EXCERPTED DATA:
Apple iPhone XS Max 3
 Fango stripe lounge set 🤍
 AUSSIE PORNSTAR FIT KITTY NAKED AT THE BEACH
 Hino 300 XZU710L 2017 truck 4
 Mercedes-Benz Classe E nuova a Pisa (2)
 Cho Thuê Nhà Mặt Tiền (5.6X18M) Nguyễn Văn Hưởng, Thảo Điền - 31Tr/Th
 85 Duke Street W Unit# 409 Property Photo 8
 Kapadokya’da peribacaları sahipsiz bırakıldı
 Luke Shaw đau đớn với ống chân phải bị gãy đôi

EXERCISE DETAILS:
When you answer, return each line of the material exactly as it was written.

SOLUTION TO THIS EXERCISE:
Apple iPhone XS Max 3
 Fango stripe lounge set 🤍
 AUSSIE PORNSTAR FIT KITTY NAKED AT THE BEACH
 Hino 300 XZU710L 2017 truck 4
 Mercedes-Benz Classe E nuova a Pisa (2)
 Cho Thuê Nhà Mặt Tiền (5.6X18M) Nguyễn Văn Hưởng, Thảo Điền - 31Tr/Th
 85 Duke Street W Unit# 409 Property Photo 8
 Kapadokya’da peribacaları sahipsiz bırakıldı
 Luke Shaw đau đớn với ống chân phải bị gãy đôi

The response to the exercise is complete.